The incident was first detected by Google. Their blogpost says that Chrome detected the issue. That's interesting, because it implies that Chrome has some ability to detect (and report back to Google) attempts to MitM connections to

Microsoft and Mozilla reported advisories on this. The three major browsers (Chrome, Firefox, IE) have added filters preventing the bad certificates from being used. In addition, they have paused adding support for TURKTRUST's new certificates. None of these three have yet (Jan 3 2013) removed the old TURKTRUST certificate.

This post in the Mozilla forum appears to be from TURKTRUST. It describes the details supporting their claim that the granting of those two certificates was an accidental error that is unlikely to be repeated. These details are quite plausible.

That post also describes how the bad certificate was added to a Checkpoint firewall. These firewalls have the ability to do MitM HTTPS interception for legitimate purposes, but normally would require installing a self-signed certificate on all the desktops behind the firewall. This page at Checkpoint and this video discusses their HTTPS inspection capabilities.

I don't have enough experience with Checkpoint firewalls, but after looking at the details, this seems like a plausible scenario. It's quite possible that the MitM was essentially accidental. This is especially true when looking at it from the other point of view. Google Chrome hoovers up a ton of information from hundreds of millions of machines. When somebody misconfigures a firewall, Google is going to notice. Google is going to regularly report harmless Internet oddities that otherwise would've gone unnoticed before.

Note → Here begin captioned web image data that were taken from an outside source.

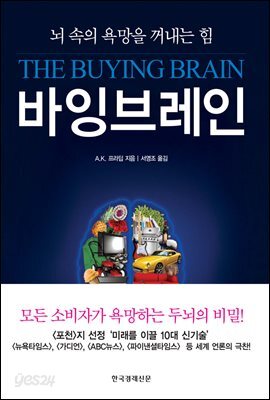 바잉브레인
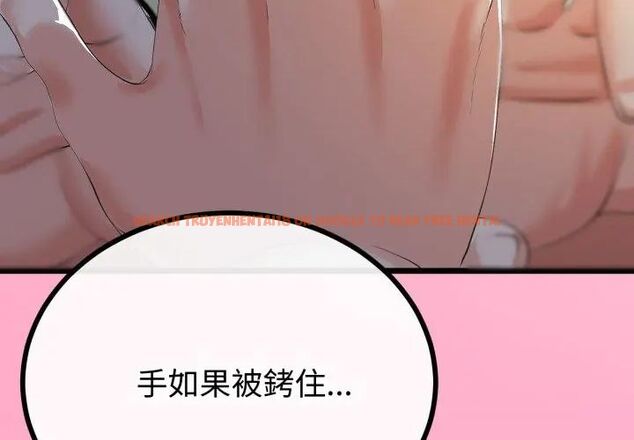 查看漫画與初戀的意外同居 - 第67話 - sayhentaiz.net中的4590556图片 查看漫画與初戀的意外同居 - 第67話 - sayhentaiz.net中的4590556图片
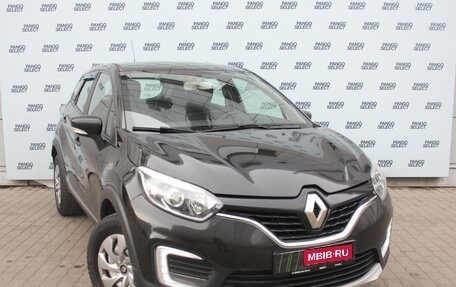 Renault Kaptur I рестайлинг, 2016 год, 1 200 000 рублей, 1 фотография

Microsoft published information about the offending certificate, which is discussed here. Someone decoded the certificate blob and posted it on pastebin. This appears to be the sort of thing the Checkpoint auto-generated certificate looks like, such as being valid for only one month.

1 comment:

Neversphere said...

Chrome has a feature called certificate pinning which ensures that certs for certain sites must be issued from a whitelisted ca.